El Evasión estaba terminado, pero la larga historia de su construcción quedaba escrita para siempre sobre la carne de Robinsón. Cortes, quemaduras, cuchilladas, callos, marcas indelebles y cicatrices deformes narraban la obstinada lucha que había tenido que entablar para conseguir aquel barquito rechoncho y veloz. Como carecía de diario de a bordo, contemplaría su propio cuerpo cuando quisiera acordarse.
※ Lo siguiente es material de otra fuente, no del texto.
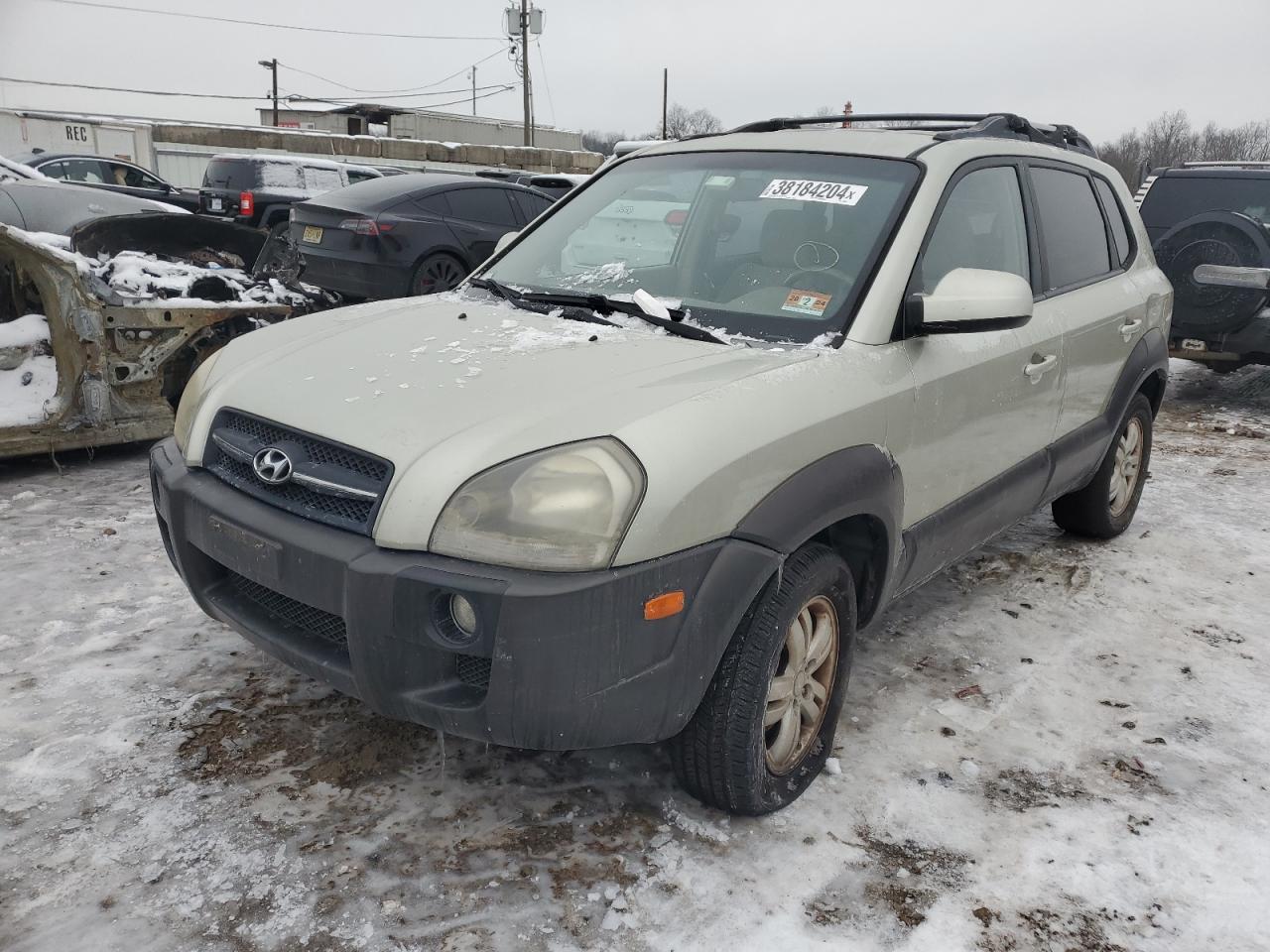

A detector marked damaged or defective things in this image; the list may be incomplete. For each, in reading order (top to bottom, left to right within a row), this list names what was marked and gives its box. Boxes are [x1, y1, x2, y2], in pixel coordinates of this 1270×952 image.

rusted car body panel [0, 225, 287, 459] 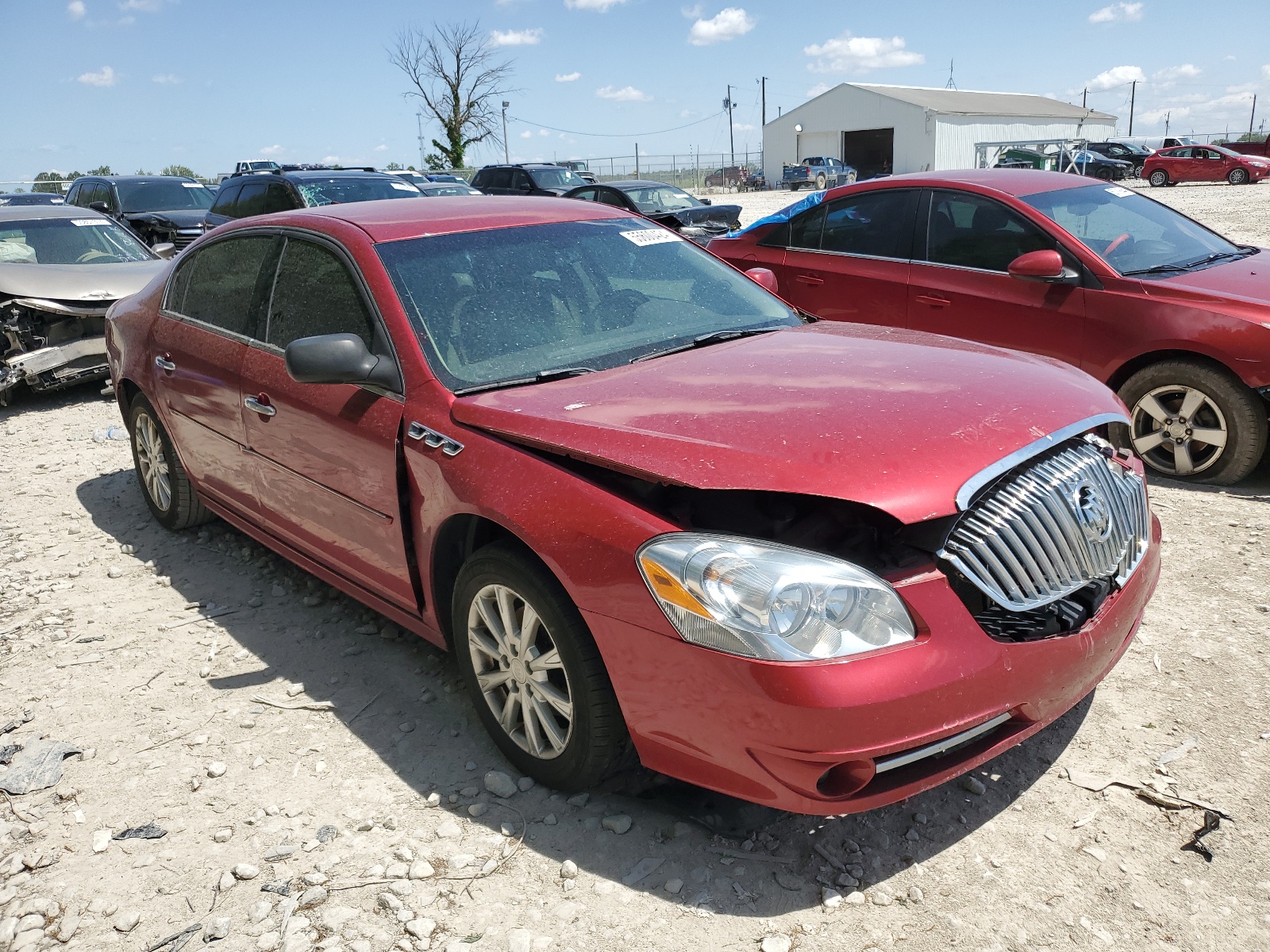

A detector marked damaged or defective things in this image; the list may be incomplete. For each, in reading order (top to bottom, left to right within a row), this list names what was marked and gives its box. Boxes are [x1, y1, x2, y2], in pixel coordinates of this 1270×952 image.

damaged suv [0, 206, 166, 403]
crushed silver sedan [0, 206, 166, 403]
damaged suv [106, 199, 1162, 809]
damaged red buick lucerne [106, 197, 1162, 812] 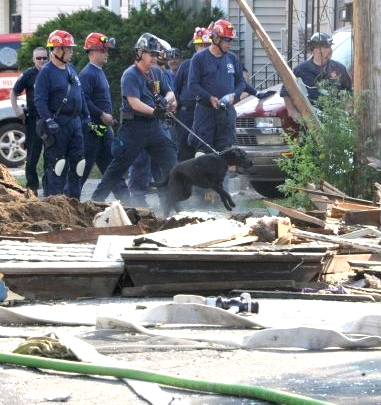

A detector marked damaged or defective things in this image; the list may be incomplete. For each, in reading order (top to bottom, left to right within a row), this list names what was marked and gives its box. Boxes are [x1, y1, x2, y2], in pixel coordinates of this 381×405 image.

broken wooden plank [262, 200, 326, 227]
broken wooden plank [290, 227, 381, 252]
Comenzó entonces a reunir las provisiones que pensaba embarcar consigo. Pero abandonó en seguida la tarea al darse cuenta de que convenía meter primero en el agua su nueva embarcación, para probar su calado y comprobar su estabilidad. Pero una angustia sorda le impedía hacerlo: el miedo a un fracaso, a un golpe inesperado que redujera a la nada las oportunidades de éxito de aquella empresa con la que se jugaba la vida. Le parecía que tal vez el Evasión podía presentar en las primeras pruebas algún defecto imprevisto, un exceso de calado, por ejemplo -sería entonces poco manejable y las más pequeñas olas le cubrirían-, o, por el contrario un calado insuficiente, en cuyo caso zozobraría al primer desequilibrio. En sus peores pesadillas, la embarcación, nada más rozar la superficie del agua, se hundía como un lingote de plomo y él, con el rostro sumergido en el agua, la contemplaba hundirse anadeando en glaucas profundidades cada vez más sombrías.